ApplicationRecord vs ActiveRecord::Base
Recently,. there was a discussion amongst my colleagues about why some of the models in our Rails 8 app inherit from ApplicationRecord while others inherit from ActiveRecord::Base. Lets dig in to these subtle but important distinctions, shall we?
ApplicationRecord is a class that inherits from ActiveRecord::Base
and serves as the base class for your application’s models. It was introduced in Rails 5.0 as part of the application structure. When you generate a new Rails app, you’ll find this class defined in app/models/application_record.rb
:
rubyclass ApplicationRecord < ActiveRecord::Base
self.abstract_class = true
end
ActiveRecord::Base is the fundamental base class provided by the ActiveRecord ORM that contains all the core functionality for database interactions, validations, callbacks, associations, etc.
ApplicationRecord provides a centralized place for application-wide model configuration. You can add methods, validations, callbacks, or other functionality that should be available to all your models by putting them in ApplicationRecord, rather than repeating code across individual models or monkey-patching ActiveRecord::Base. Application-specific model logic stays separate from the framework code. If you need to customize behavior for all your Rails models, modify ApplicationRecord rather than directly extending ActiveRecord::Base. Rails can make changes to ActiveRecord::Base without affecting your application-level customizations, since they’re isolated in ApplicationRecord.

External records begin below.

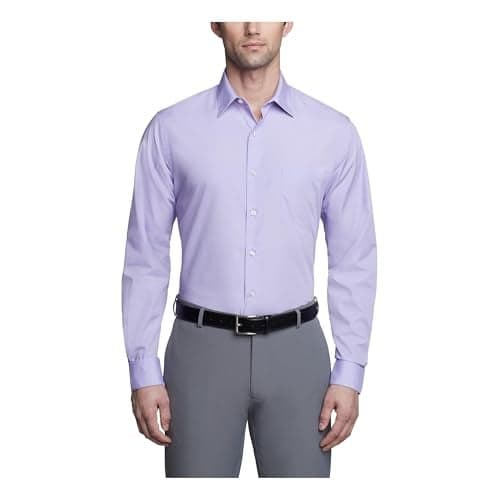 Van Heusen Men's Dress Shirt Fitted Poplin Solid, Lavender, 15" Neck 34"-35" Sleeve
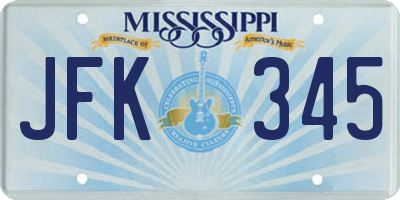 MS license plate JFK345
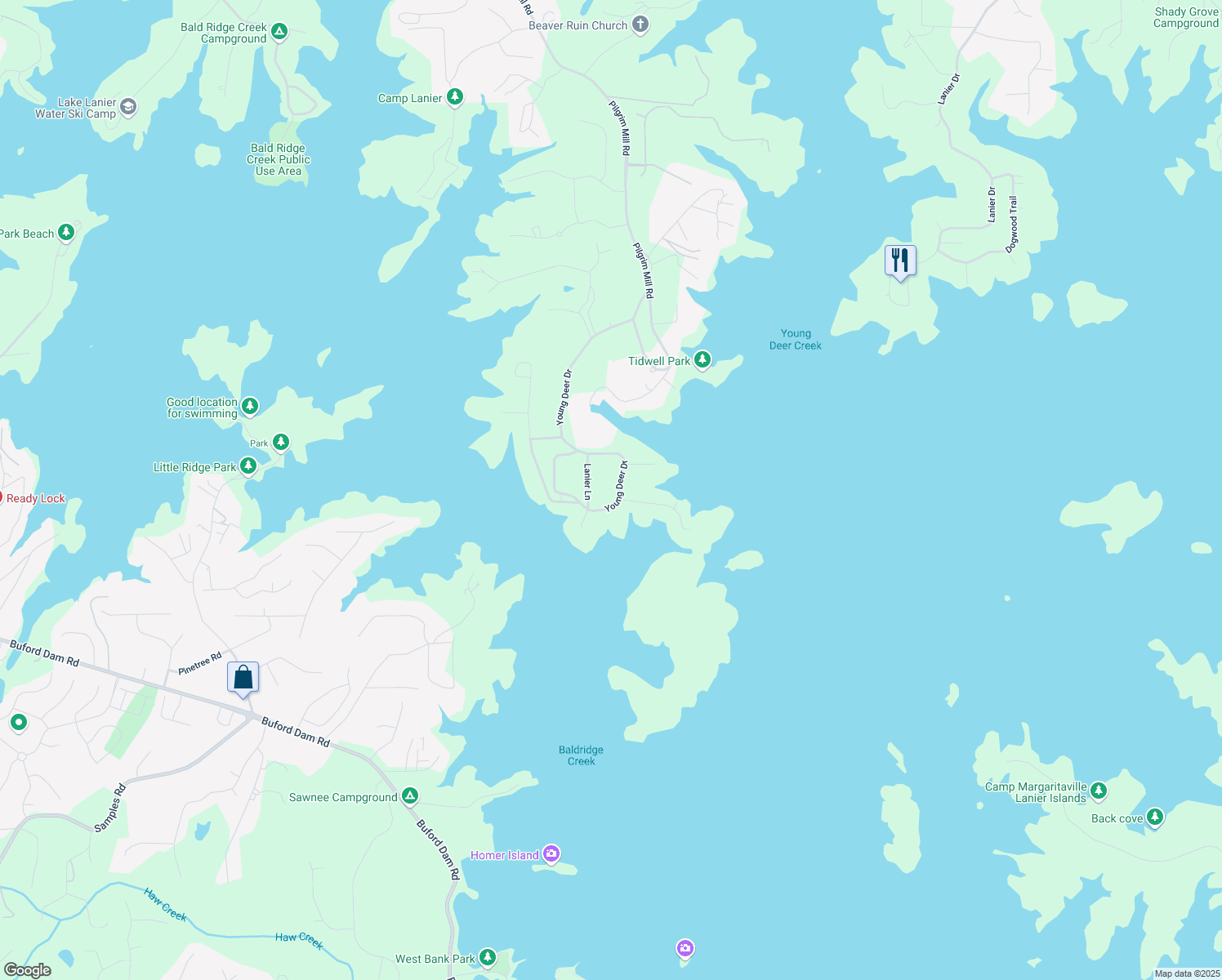 map of restaurants, bars, coffee shops, grocery stores, and more near 5340 Young Deer Drive in Cumming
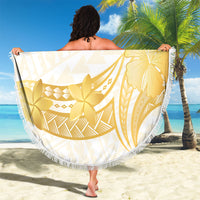 Polynesia White Sunday Beach Blanket Polynesian Tattoo Plumeria Hibiscus Gold LT14 - Polynesian Pride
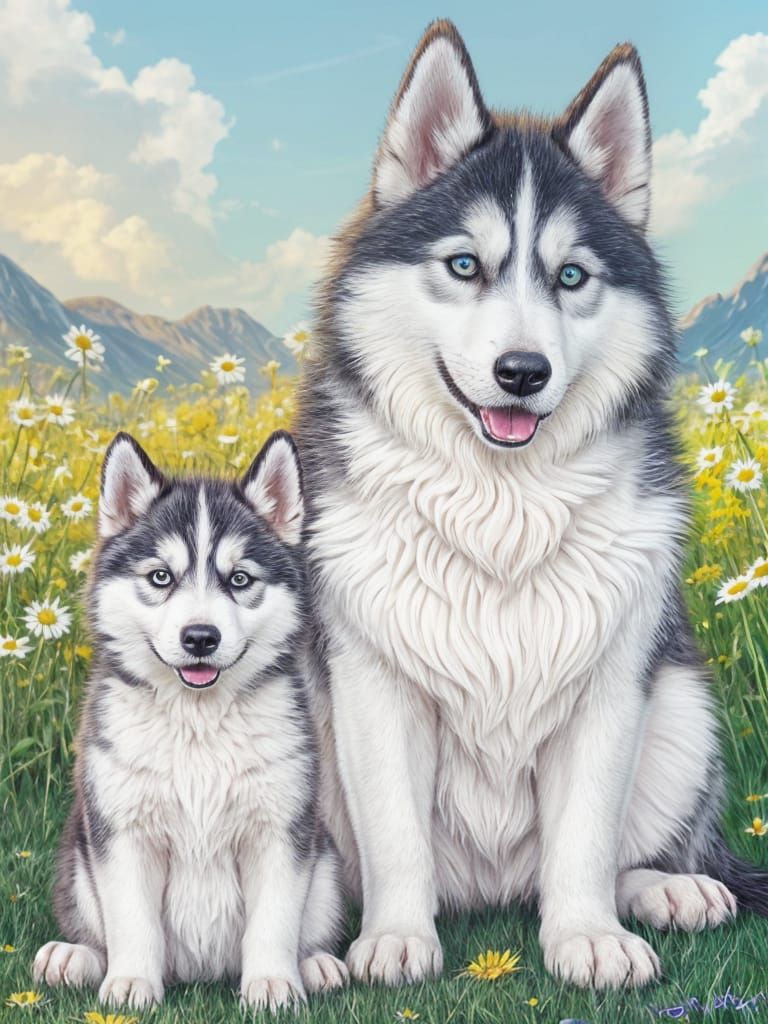 Daisy Field with Husky Mother and Puppy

If you have models inheriting directly from ActiveRecord::Base
, they’ll work fine, but the latest Rails convention going forward is to inherit from ApplicationRecord
. You can safely change existing models from ActiveRecord::Base
to ApplicationRecord
– it won’t break anything since ApplicationRecord is just a thin wrapper around ActiveRecord::Base.
So it turns out that the mixed inheritance in our app happened because some models were created before Rails 5.0 (or using older generators) while the rest were created after our previous Rail 5 upgrade. Mystery solved!